The next year, I was attending a minor league game in Frederick,, where the seats are closer to the field. A hard line drive was fouled directly toward my family's seats behind third base. I had a chance, a good one, but it meant tossing my younger son, then 2 1/2, off my lap and to the ground. That might have gotten me on the nightly news, but it surely would not have ingratiated me with my wife or young Nick. My older son did not see it this way: It took lots of time to explain why I had chosen family over flying baseballs. Then there was the time at a Washington Senators game in the mid-'60s when I was bringing a tray of food and drinks back to my seat. Suddenly a foul ball came screaming toward me. For a second I thought of ditching the food.
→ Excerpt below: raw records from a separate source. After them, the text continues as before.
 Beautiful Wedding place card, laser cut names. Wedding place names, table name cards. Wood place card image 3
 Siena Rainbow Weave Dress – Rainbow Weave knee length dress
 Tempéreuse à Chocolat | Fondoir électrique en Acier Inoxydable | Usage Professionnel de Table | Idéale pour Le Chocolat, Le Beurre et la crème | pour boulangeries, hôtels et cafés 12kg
The issue was made moot when a couple of dozen fans knocked me over in their pursuit of the same prize.

I learned two lessons that day. One was that people can get mean when they want a foul ball. They grab, they push, they punch -- I've seen more scuffles than I can name. The other lesson is that these balls are moving fast, and they can hurt. I've seen fans knocked out by line drives to the head, or fingers broken when a hand goes up for a ball rocketing past. Occasionally someone will realize this potential for injury at the last second and suddenly shrink away, as if: "My God! What was I thinking?"

So yeah, Mr. Big Shot Charlie Sheen, we all want to get a foul ball or a home run ball. It's one of the coolest things you can do, even if you're not lucky enough to make a great catch at the Orioles' Camden Yards and hear the announcer intone, "Give that fan a contract." It's enough to know that the guys at work might have seen you on TV as you stretched magnificently for that foul ball around the right field railing.
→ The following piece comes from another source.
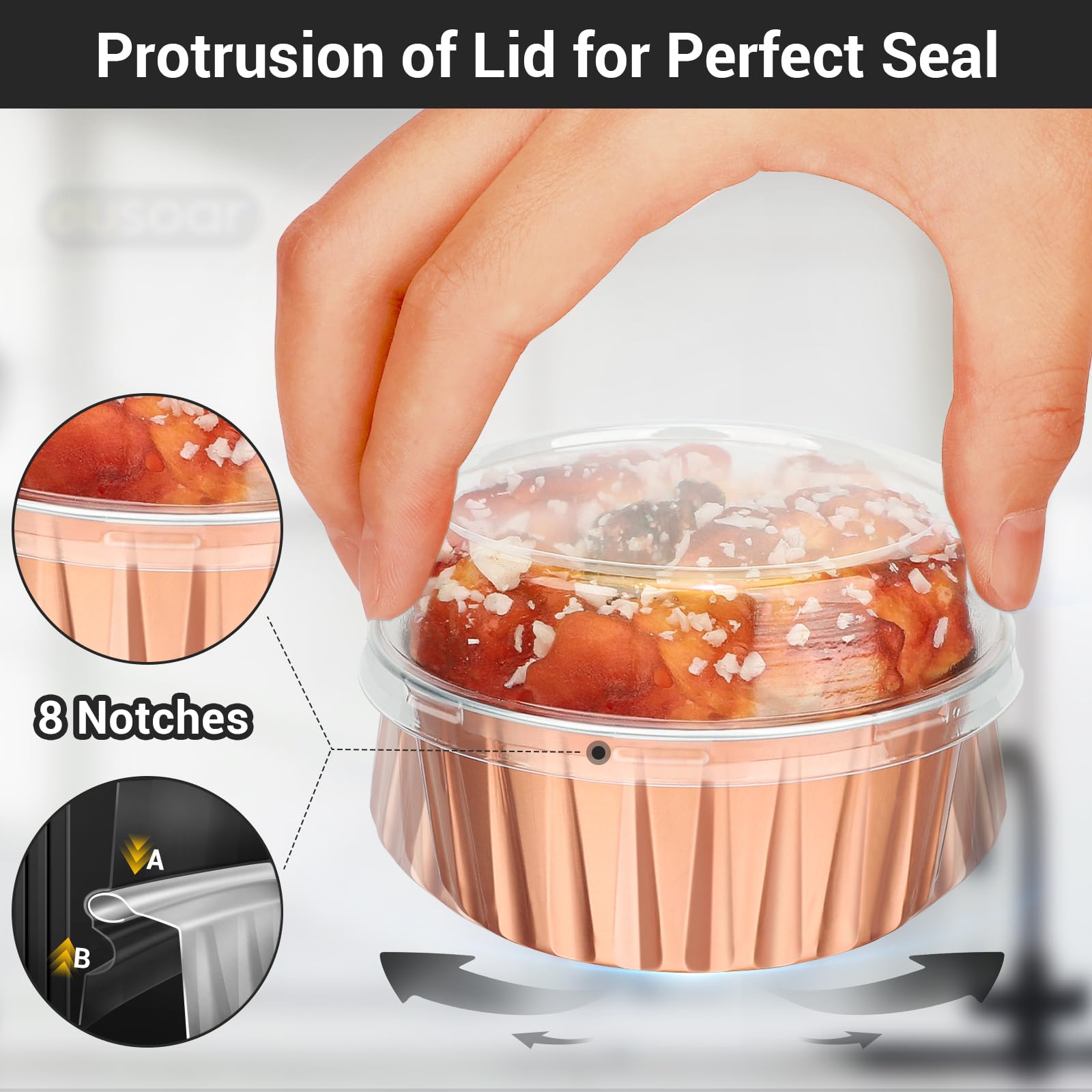 EUSOAR 100-Pack 5oz (125ml) Disposable Aluminum Foil Baking Cups with Lids - Muffin Liners, Cupcake Holders & Creme Brulee Ramekins for Perfect Baking, Party Desserts & Meal Prep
It's a modest achievement, but noteworthy nonetheless, and no one blames a fan if he gets a little excited. Just don't get carried away. Proper etiquette requires holding the ball up for all to see, then sitting down. Some fans will whoop and holler and make a complete spectacle of themselves. Remember that you've caught a foul ball, not deciphered the Rosetta Stone.

A few weeks ago, my older son and I attended an Orioles game. Incredibly, as we were at the concession stand, a fellow came up, explained he had to leave the game early, and offered us his two box seats. First base line, second row. Since we were sitting in the bleachers, we accepted eagerly.

When we got to our new seats, every bit as good as advertised, more serendipitous fortune awaited. The guy next to us gave my son, Matthew, a ball he had caught -- a foul hit by the Orioles' Brady Anderson. This was, needless to say, Matthew's first foul ball, and he was thrilled beyond description. But, he asked, should he tell people we had caught it ourselves?

I paused for only a second. "You can't do that," I answered. "I've waited 40 years. I can wait a little more."

Matthew nodded in understanding and turned back to the game. Some basic truths just don't need explanation. Hollywood may never comprehend it, but out here in the stands, we believe in traditional values. Tim Warren is a writer in Washington.